Step 1 consists of thinking through the experiment and how to gather data and/or analyzing it. For this specifically, we were already given data on a river and the two locations within it that fish usually swim in. The riffle and the pool are the two locations. In the river, there are several locations with both rivers and pools, including how many fish were found in each part. The point of this study is to understand if fish prefer spending their time more in the pool or the riffle.
library(ggplot2)
fish <- read.csv("fish.csv")
## ï..location pool riffle
## 1 1 6 3
## 2 2 6 3
## 3 3 3 3
## 4 4 8 4
## 5 5 5 2
## 6 6 2 2
## 7 7 6 2
## 8 8 7 2
## 9 9 1 2
## 10 10 3 2
## 11 11 4 3
## 12 12 5 1
## 13 13 4 3
## 14 14 6 2
## 15 15 4 3
Our data set contains 15 rows and 3 columns. The rows represent the subjects, or locations, labeled 1-15. The columns represent the variables, or type of location- riffle or pool. For each pool and riffle, the data shows how many fish are in each.
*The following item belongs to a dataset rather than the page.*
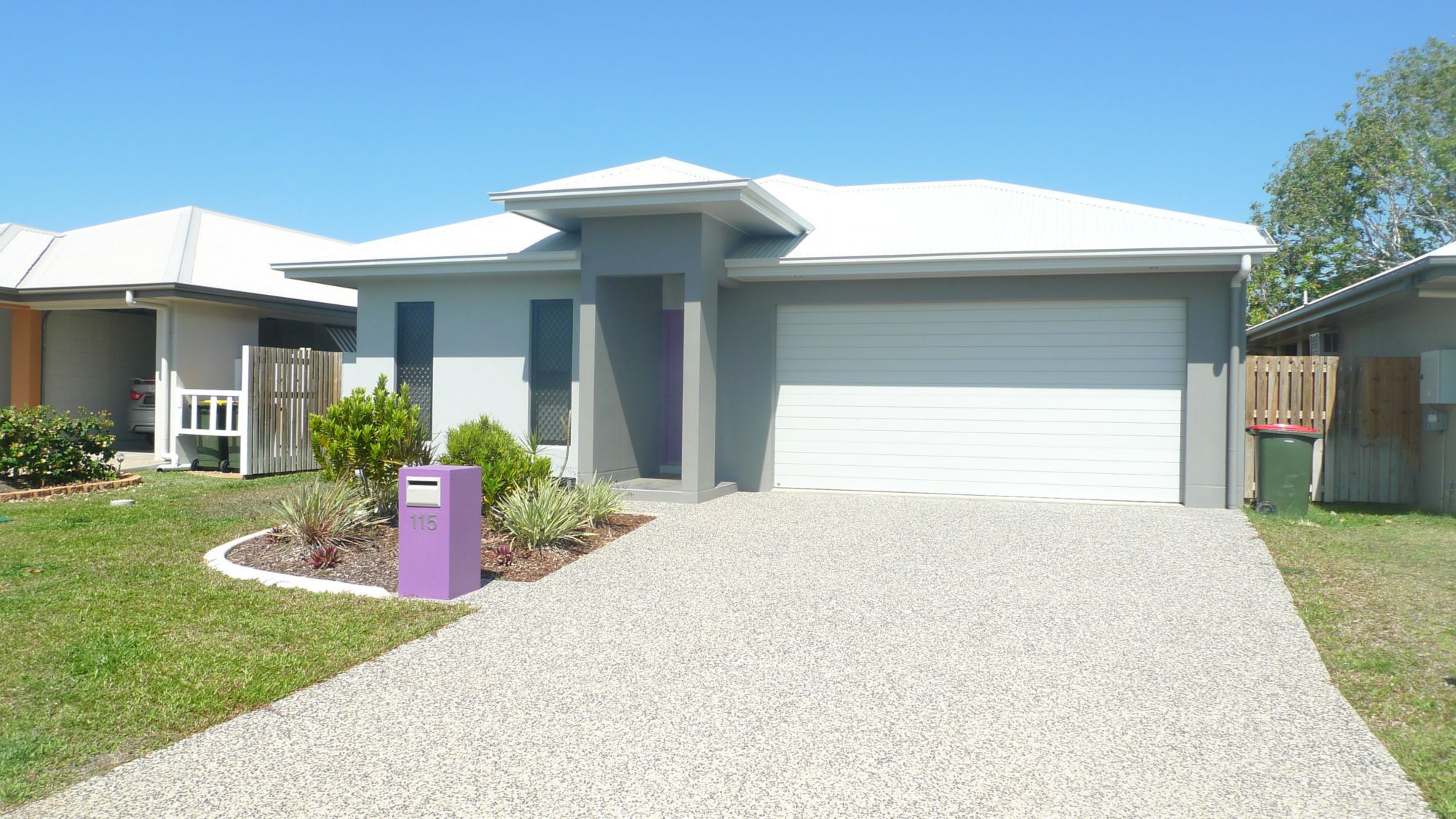 115 Daydream Circuit, BURDELL QLD 4818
The purpose of this study is to give evidence if more fish are found in riffles within average given locations in a body of water, or if they are found in pools.
Below is a visual representation of the location of fish, in riffles, and pools.
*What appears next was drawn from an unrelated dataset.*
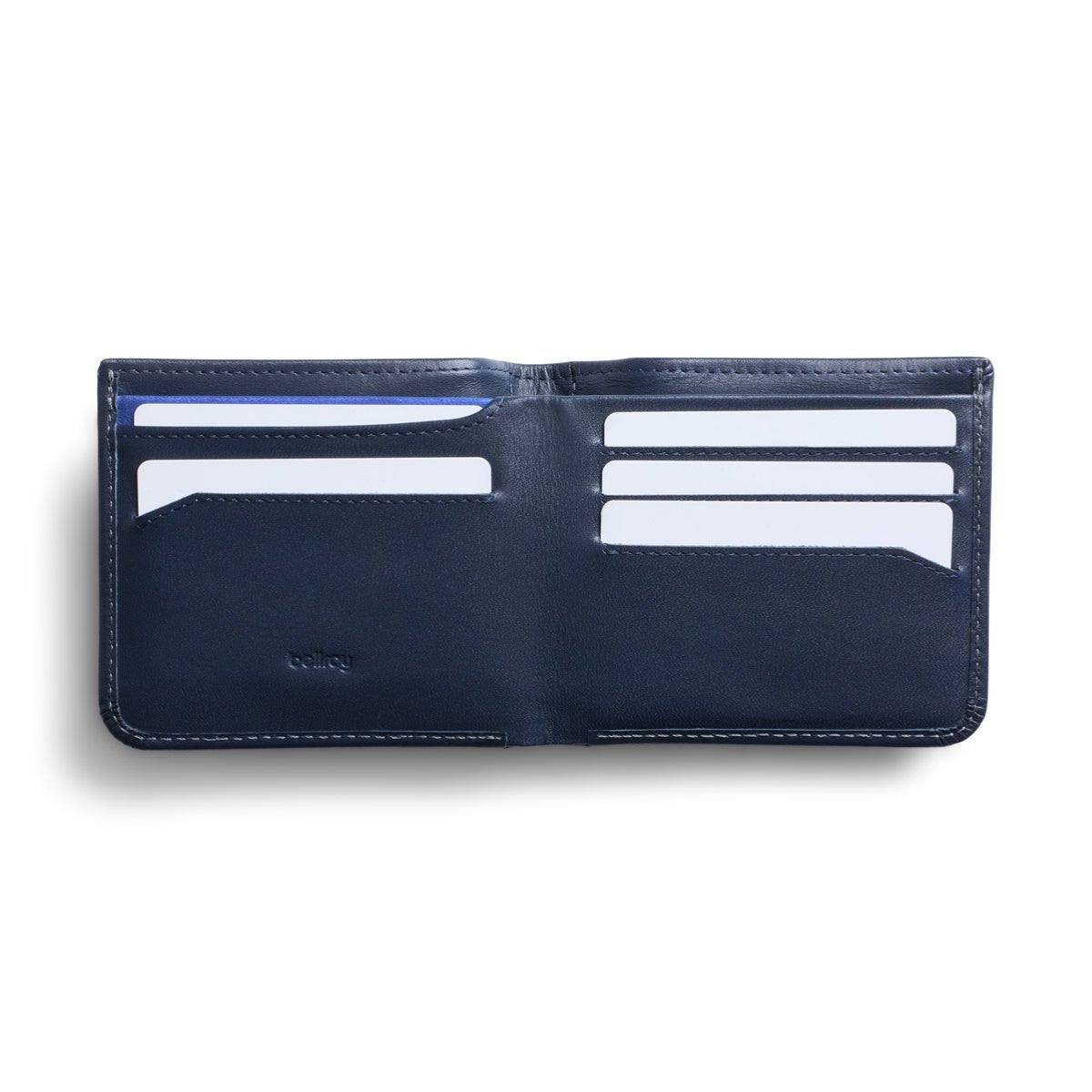 Bellroy Hide & Seek Hi in Navy - Getoutside Shoes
ggplot(data=fish.csv, mapping=aes(x=riffle, y=pool)) + geom_point() + geom_abline(slope=1, intercept=0) + annotate("text", x=1.25, y=4, label="More in Pool") + annotate("text", x=3.5, y=2, label="More in Riffle")
The plot above shows that more fish prefer to spend their time in the pool than the riffle. This is because on the scatterplot, the majority of the points are on the side of preference to the pool. The superimposed line is meant to be an indicator of what part of the river fish prefer to live on. Each point on the graph represents an actual part of the river and connects the y axis, representing the pool. The x axis represents the riffle. Therefore, it makes sense that the superimposed line differentiates the preferences of the fish.
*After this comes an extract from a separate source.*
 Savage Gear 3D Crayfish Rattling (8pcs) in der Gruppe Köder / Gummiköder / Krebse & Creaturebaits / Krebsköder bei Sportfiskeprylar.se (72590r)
First the parameters of the population must be defined. The population is the fish in the river. The two samples drawn from the population are of fishes in the pools, and fishes in the riffles. The sample is drawn from this population. Null Hypothesis: the mean of the population of pool is the same as the mean in the population of riffle.
The alternative hypothesis is not as definitive as the null hypothesis. There are several ways in which it can be correct, unlike the null hypothesis. Alternative Hypothesis: the mean of the population of pool is greater than the mean in the population of riffle.
This data is quantitiative, but it does not concern means of a sample. It involves the amount of fish in one part of the river compared to another. Therefore, a proportions test would be most appropriate here.
For the data, I will use a two samples because there are two samples from the river. The samples are from the pool and the riffle.
Check Normality:
gg <- ggplot(data=fish)
gg + geom_qq(mapping=aes(sample=fish$pool))
gg + geom_qq(mapping=aes(sample=fish$riffle))
It is best to use the traditional level of significance, which is 0.05. This means that the likelihood of a type 1 error is very small at 5%.
Each x is paired with a single y (x being fish in that riffle, y being fish in that pool).
t.test(fish$pool, fish$riffle, paired=TRUE)
##
## Paired t-test
##
## data: fish$pool and fish$riffle
## t = 4.5826, df = 14, p-value = 0.0004264
## alternative hypothesis: true difference in means is not equal to 0
## 95 percent confidence interval:
## 1.170332 3.229668
## sample estimates:
## mean of the differences
## 2.2
p-value = 0.0004264
The p-value is significantly small, which makes the chance of the error highly unlikely. Since the p-value is less than the level of significance, 0.05, the null hypothesis is rejected and the alternative hypothesis correct!
95 percent confidence interval: 1.170332 3.229668
When added, if these numbers do not equal 0, there is proof that the means are different. This further proves the alternative hypothesis.
Interpret the sample estimates by examining the mean (the average) of the differences. The mean of the differences is 2.2. This means that there is an average of 2.2 more fish in the pools of the river than there are in the riffles. This sample estimate is the center of the confidence interval.
There are more fish in the pool of the river than the river. This is because of the evidence shownn in the very small p-value, the 95% confidence interval, and the sample estimate.